*** Opening INPUT RECORDS ***
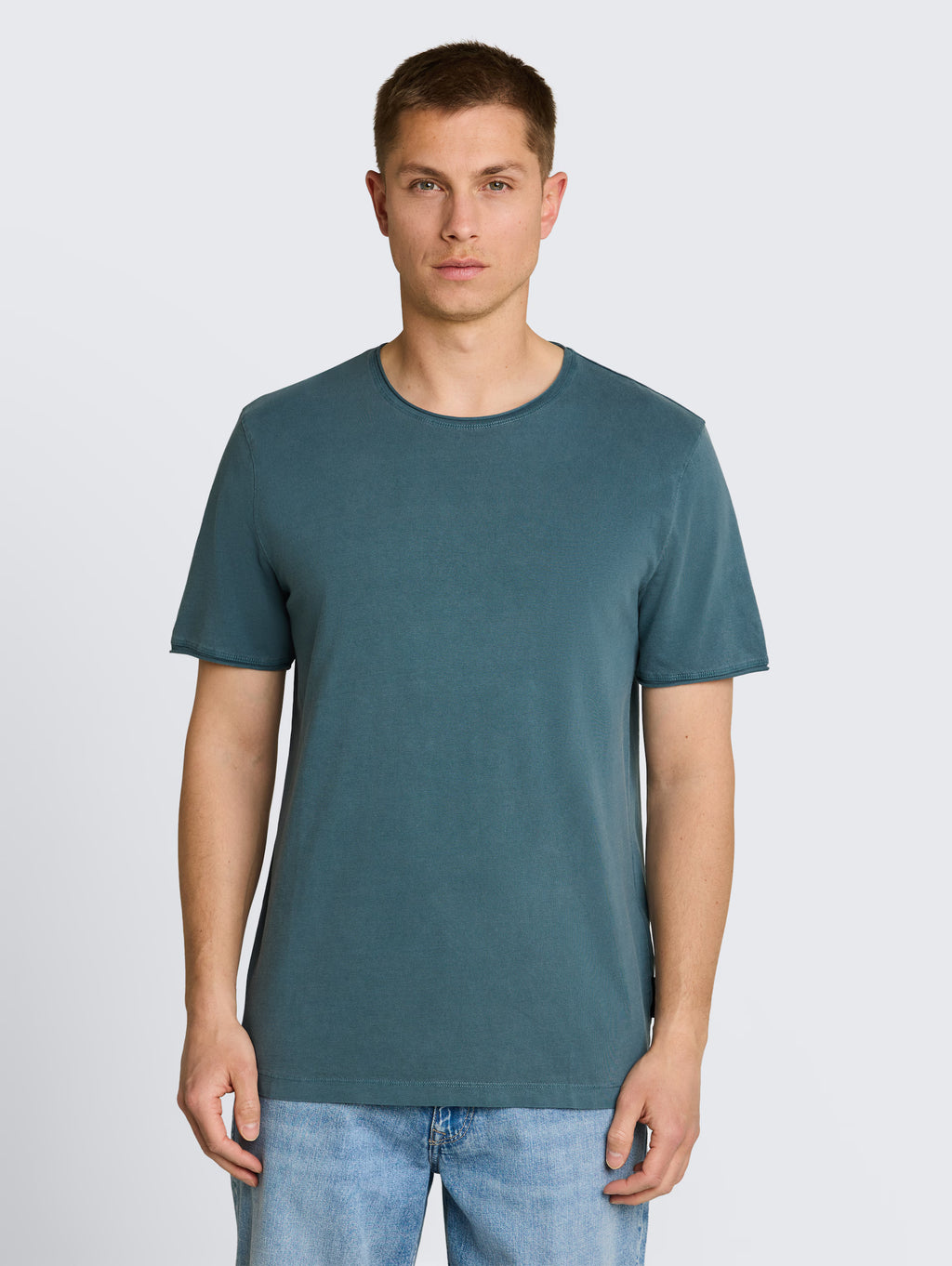T-shirt overdye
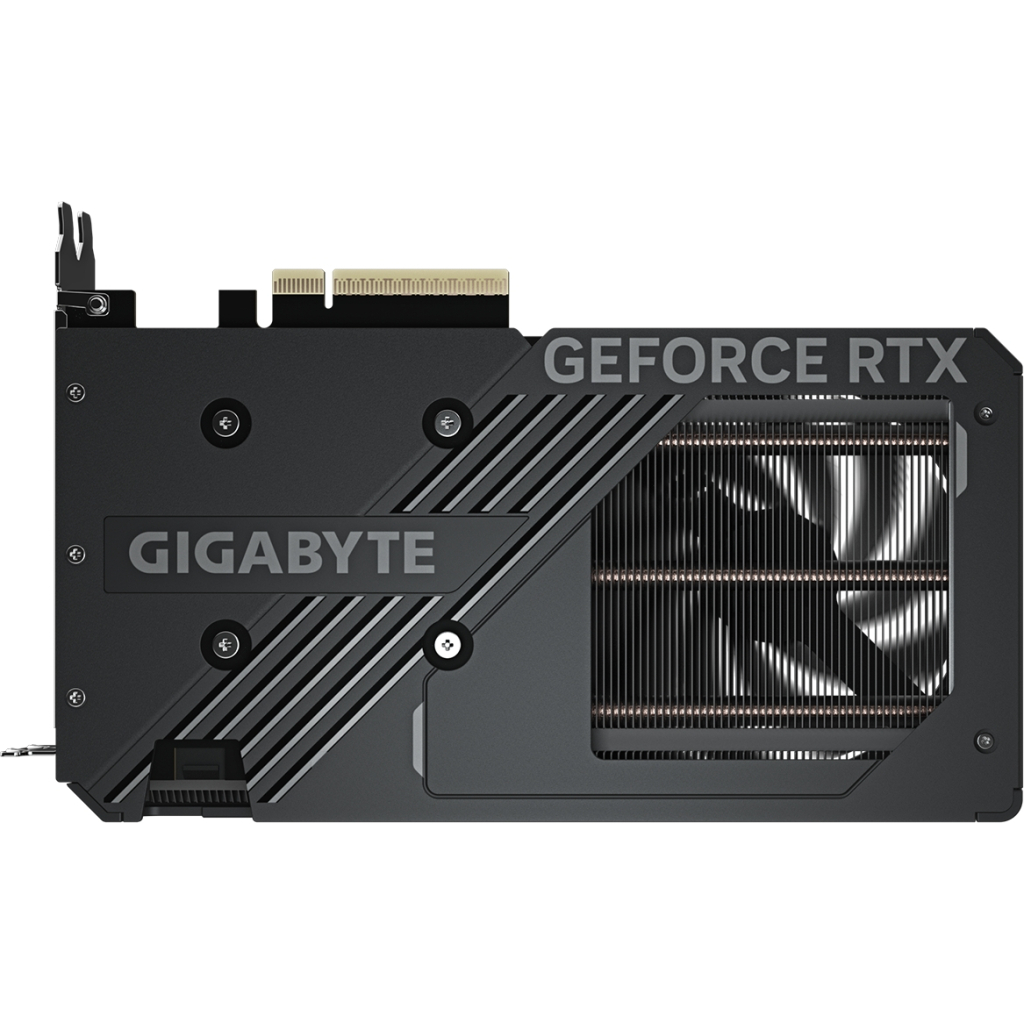 Відеокарта GIGABYTE GeForce RTX5060Ti 8Gb WINDFORCE (GV-N506TWF2-8GD) - изображение 4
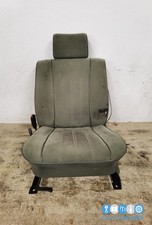 Original BMW  E28  Fahrersitz Stoff piniengrün 1873547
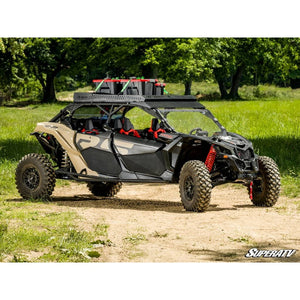 Can-Am Maverick X3 MAX Outfitter Sport Roof Rack by SuperATV Roof Rack SuperATV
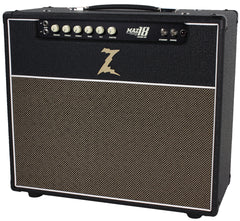 Dr. Z Maz 18 Jr NR MKII 1x12 Lite Combo, Black, Tan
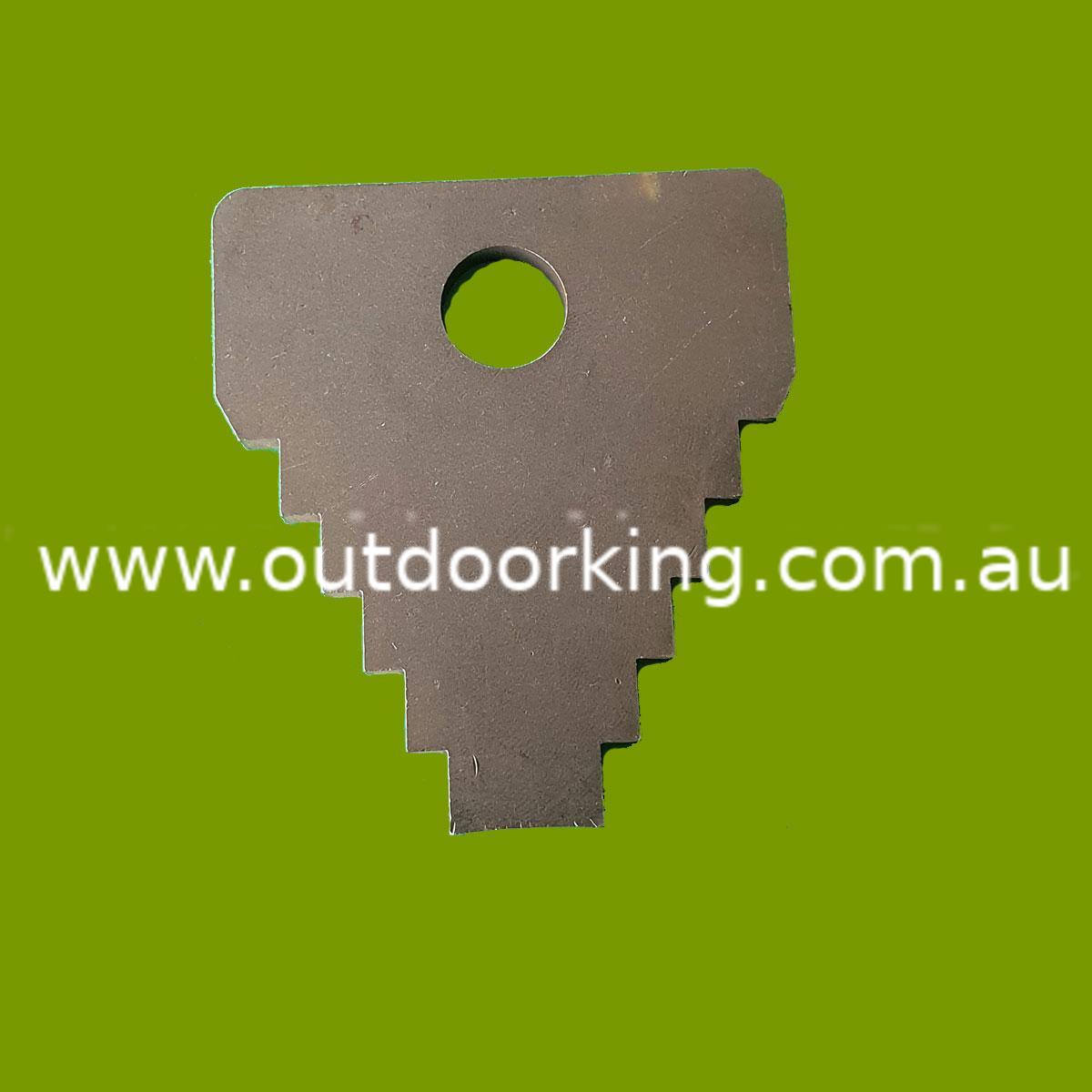 (image for) Caravaggi Genuine 150 & 200 Knives / Hammers 010105006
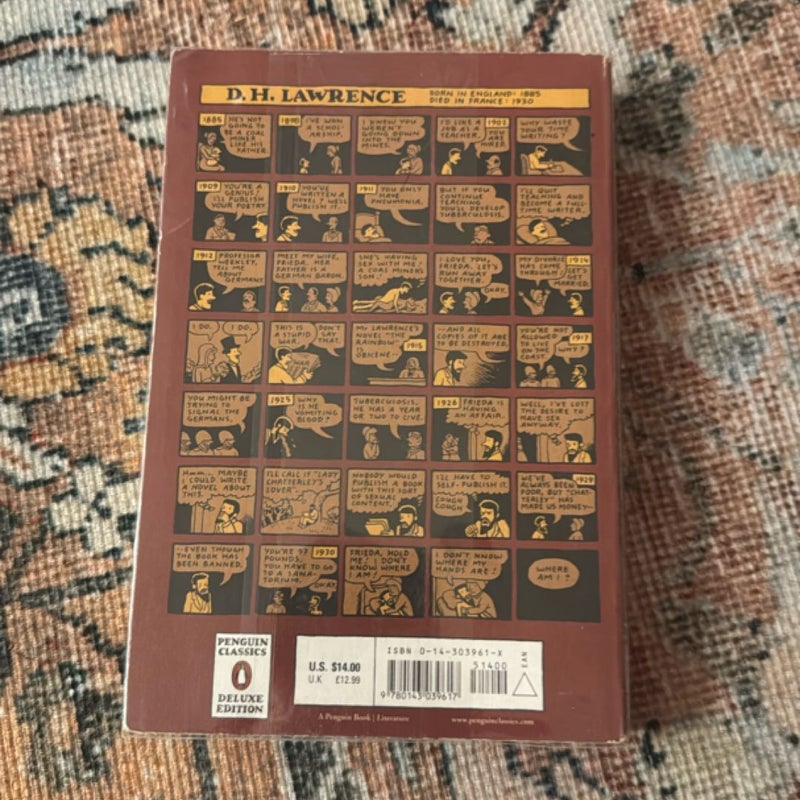 Lady Chatterley's Lover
*** Closing INPUT RECORDS ***
*WORK INSTRUCTION:*
Give again, word for word, the lines above from the first one through the one containing "(image for) Caravaggi"; no pictures.

*RESULT OF THE EXERCISE:*
T-shirt overdye
 Відеокарта GIGABYTE GeForce RTX5060Ti 8Gb WINDFORCE (GV-N506TWF2-8GD) - изображение 4
 Original BMW  E28  Fahrersitz Stoff piniengrün 1873547
 Can-Am Maverick X3 MAX Outfitter Sport Roof Rack by SuperATV Roof Rack SuperATV
 Dr. Z Maz 18 Jr NR MKII 1x12 Lite Combo, Black, Tan
 (image for) Caravaggi Genuine 150 & 200 Knives / Hammers 010105006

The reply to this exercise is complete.